Lawyers summed up today in the case of two peace activists on trial for conspiracy to
commit criminal damage. Paul Milling and Margaret Jones are in court after attempting to hinder take-off of 14 B-52 planes to bomb Iraq at the start of the 2003 invasion. Milling and Jones damaged roughly two dozen bomb carrying and fuel vehicles for the planes, in a bid to delay their departure for Baghdad and give more people time to flee the city. In a prepared statement handed in when they were arrested at RAF Fairford after damaging two dozen vehicles, they wrote of the air base as ‘a launching pad for war crimes’, adding that if they could save ‘one life’ by their actions, they would consider them justified.
Bruce Houlder for the prosecution alleged the defendants ‘claimed a charter’ to act without reference to the law. If the defendants’ actions were taken to their logical conclusions, he told the jury at Bristol Crown Court, ‘one might as well tear up the laws of this country.’

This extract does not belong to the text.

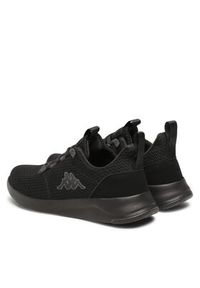 Kappa Sneakersy 243192 Czarny. Kolor: czarny. Materiał: materiał #5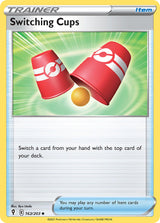 Evolving Skies 162 Switching Cups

This was ‘a unique case’ said Hugo Charlton, defending Margaret Jones. The law allowed for exceptional circumstances, and the threat to life in Iraq posed by the bombers at Fairford was one such situation. The burden of proof, he said, was ‘on the prosecution’. It was not necessary for the defendants to have been engaged in actually ‘stopping’ a crime. It was enough that they were seeking to ‘prevent’ it, and that they honestly believed that homes and property in Baghdad were in need of protection.
James Hines, representing Paul Milling, denied that the action taken was merely a symbolic ‘protest’. The defendants acted reasonably, he said, in the light of everything they had read and heard before the start of the war. Reminding the jury that the region now devastated by war is one of the cradles of civilisation, he asked them to imagine how they would react if 30 missiles, or even three, landed on their own city. He accepted that it was difficult for Westerners leading safe lives to imagine an existence where people struggle to survive without electricity or water, among unexploded cluster bombs, with sudden death an ever-present reality. These, he said, were conditions the defendants had been able to picture, and that they had done their best to address. Theirs had been a genuine attempt to save life.
During the previous week the court heard moving testimony from those who were in Baghdad during the bombing, including a young Iraq man who survived the cluster bombing of a residential area.
Judge Crowther will direct the jury tomorrow, Wednesday 13th of September. They are expected to retire to consider their verdict later that day (or Thursday at latest).